Jesus left the district of Tyre and went by way of Sidon to the Sea of Galilee, into the district of the Decapolis. And people brought to him a deaf man who had a speech impediment and begged him to lay his hand on him. He took him off by himself away from the crowd. He put his finger into the man’s ears and, spitting, touched his tongue; then he looked up to heaven and groaned, and said to him, “Ephphatha!” (that is, “Be opened!”).  And immediately the man’s ears were opened, his speech impediment was removed, and he spoke plainly. He ordered them not to tell anyone. But the more he ordered them not to, the more they proclaimed it. They were exceedingly astonished and they said, “He has done all things well. He makes the deaf hear and the mute speak.”

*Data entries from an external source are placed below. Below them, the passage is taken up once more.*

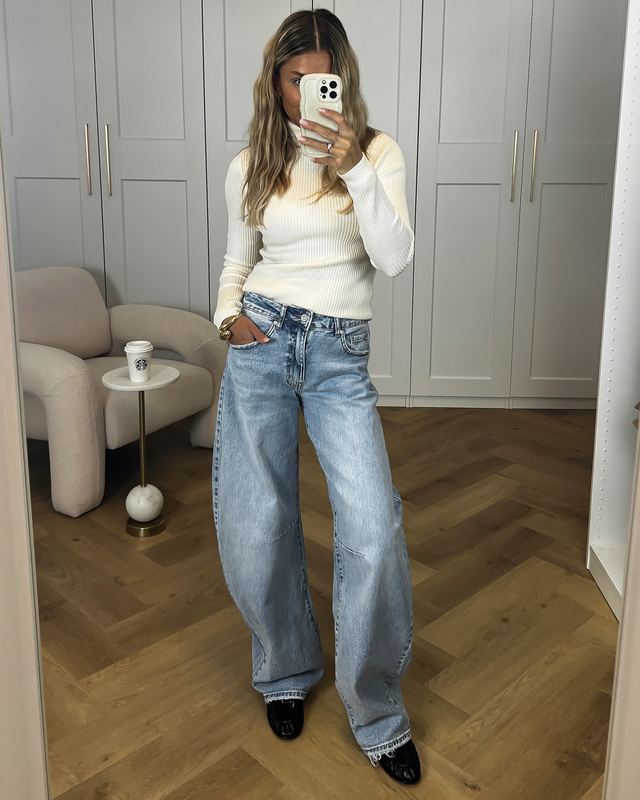 ARIELLE - Oversized Barrel Jeans in Blue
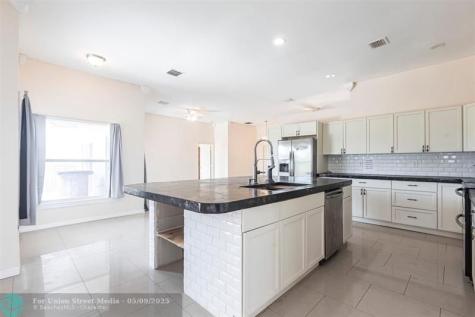 906 E 10th Street Lehigh Acres FL 33972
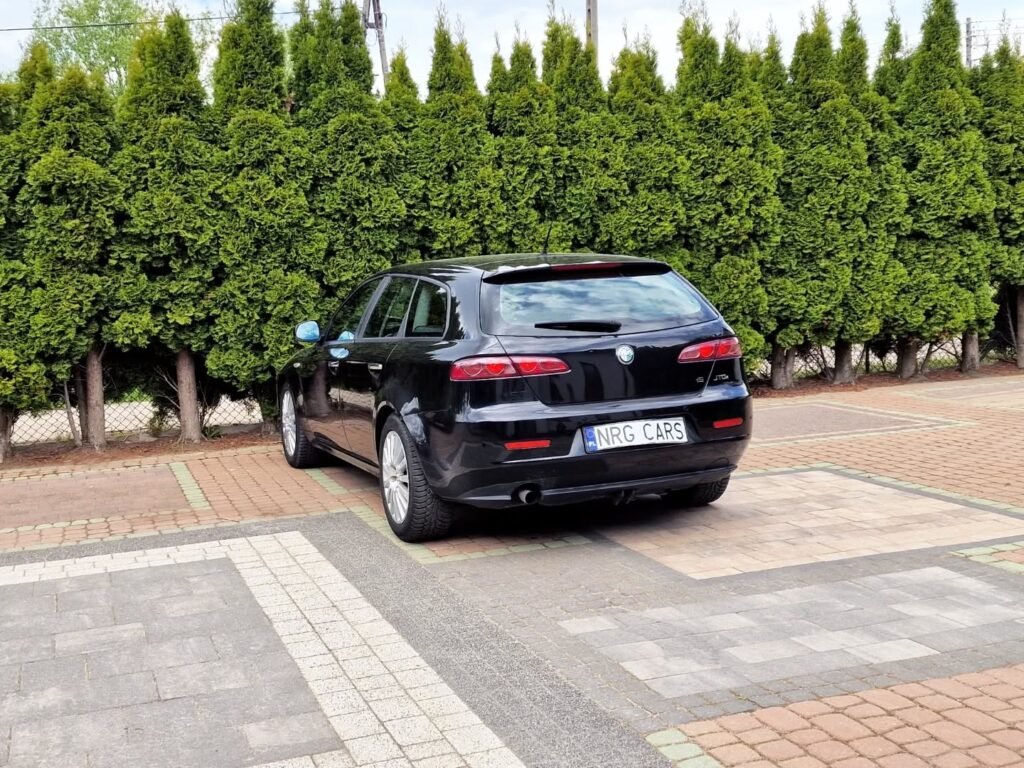 Alfa Romeo 159 Hatchback Автоматическая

Since Sidon is to the north of Tyre and the cities of the Decapolis were to the southeast, it is hard to understand the route St. Mark gives for the Lord’s movements unless he meant that the Lord intended to visit the region around Sidon, and then he headed for the Decapolis.  All of these places were inhabited by Gentiles.  It is interesting that St. Mark shows the Lord to have spent so much time among the Gentiles, more than the other Evangelists, just as John shows the Lord among the Samaritans more than the others.  The Decapolis was a group of ten cities, of which Damascus was one, which lay beyond the eastern bank of the Jordan River.  Greek and Roman culture was celebrated there, and temples to the gods abounded, besides amphitheaters and baths.  To this pagan region, the Lord led his Apostles — and not just to its fringe, for the Greek tells us that he went into the middle of it.

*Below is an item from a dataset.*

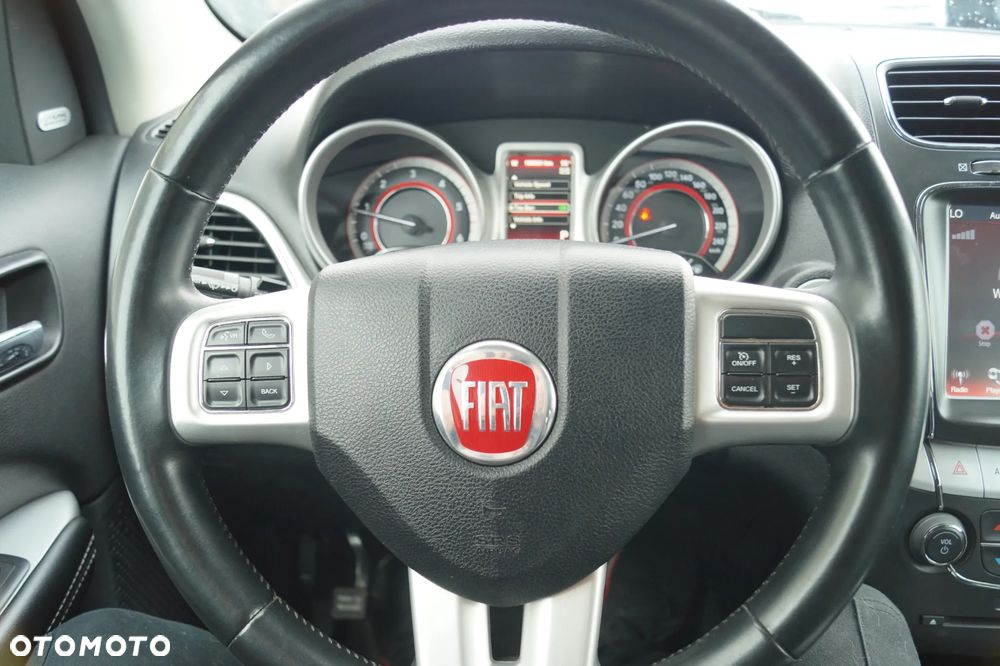 Fiat Freemont 2.0 Multijet Cross AWD - 17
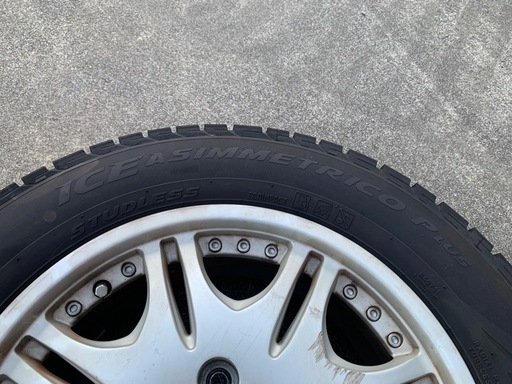 スタッドレスタイヤ（PIRELLI(ピレリ) ）195/65 R15アルミホイール付4本セット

“And people brought to him a deaf man who had a speech impediment.”  In spite of the fact that the Lord came into a Greek land, the people knew of him and of his power.  And they did not quail at the notion of bringing their sick to a Jew from Galilee for healing (in the way that no Jew would think to go to a Greek for healing).  We would like to know what the Greeks there thought of him: was he a demigod, a magician, or a hero of some sort?  But we do not know.  We do know that the Lord had compassion on them and did not withhold from the Gentiles anything that he gave to the Jews.  While the lesson might be lost on us, it was a powerful one for the Apostles.  Mark says that a group of people brought a deaf man who stammered (as the Greek tells us) before the Lord so that he might be healed.  We can imagine the man’s friends or family members taking him out of his house and bringing him through the streets to the Lord.  The man probably knew nothing about Jesus or why he was being pushed and pulled this way.  He may have stammered loudly in protest.  Certainly he could not have thought he was being taken to be cured.  

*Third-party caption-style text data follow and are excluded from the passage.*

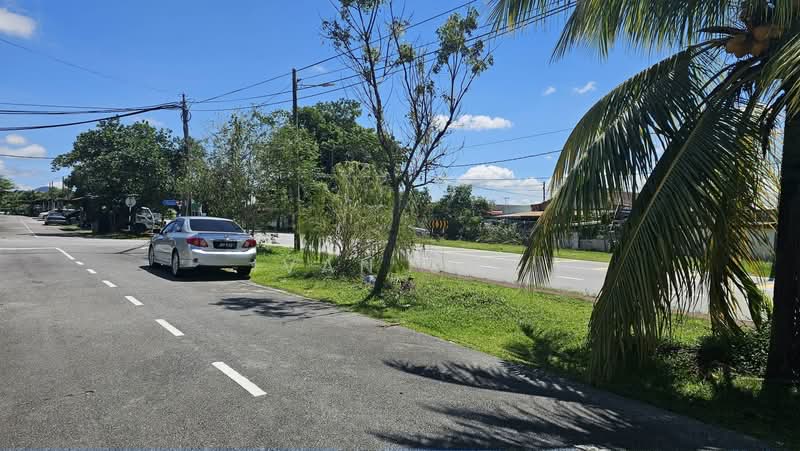 Rumah Teres 1 Tingkat untuk Dijual di Taman Universiti (Skudai) - Ivan Ong - Exterior - PropertyGuru.com.my
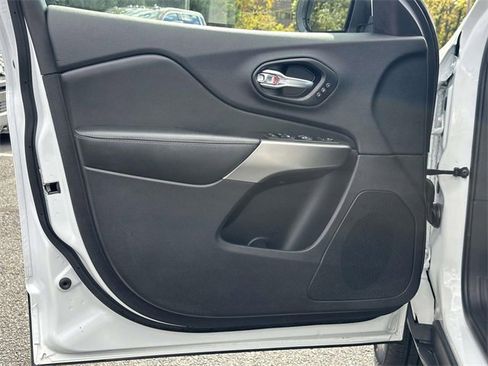 Used 2021 Jeep Cherokee Limited w/ Elite Package image 6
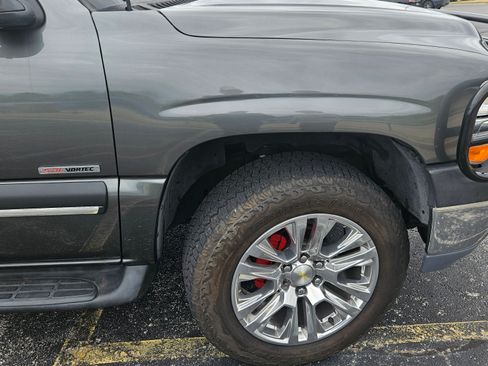 Used 2002 Chevrolet Suburban LS image 30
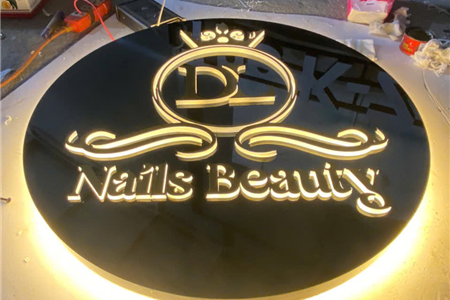 Chữ Inox Có Đèn LED NAIL BEAUTY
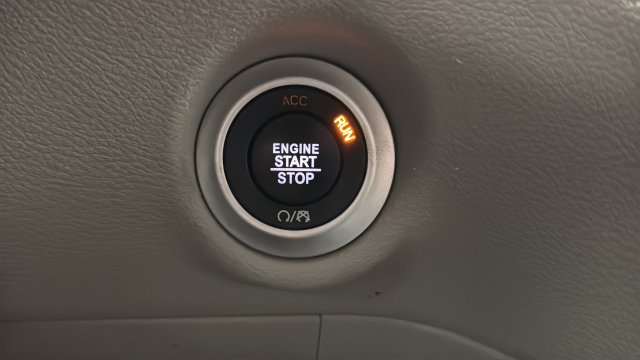Used 2023 Chrysler Pacifica Touring-L FWD image 20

“They begged him to lay his hand on him.”  The people who brought the man would have spoken to the Lord in Greek.  Some Aramaic was still spoken in the region, but mostly only in small villages.  Hebrew was not spoken there at all.  The people wanted the Lord “to lay his hand” upon the man because they wanted a visual sign that some action was being performed.  We humans are caressed with senses, and all that we know comes to us through our senses.  We have a natural desire and need to see things and hear things.  Their desire to see the man’s healing by Jesus corresponds with the man’s desire to hear the Lord’s voice.


“He took him off by himself away from the crowd.”  A sizable crowd had grown, impeding the Lord from giving a sign of his healing that everyone could see.  “He put his finger into the man’s ears and, spitting, touched his tongue; then he looked up to heaven and groaned, and said to him, ‘Ephphatha!” (that is, ‘Be opened!’).”  The Lord did not need to use these actions to heal the man, but used them so that the people, a pagan people, could understand that the power which healed the man came from him directly, and that he did not summon it from the gods on Olympus or from the world of nature.  And instead of using a Greek word, the Lord spoke an Aramaic word.  In doing so, he pointed the Greeks to the God of the Jews.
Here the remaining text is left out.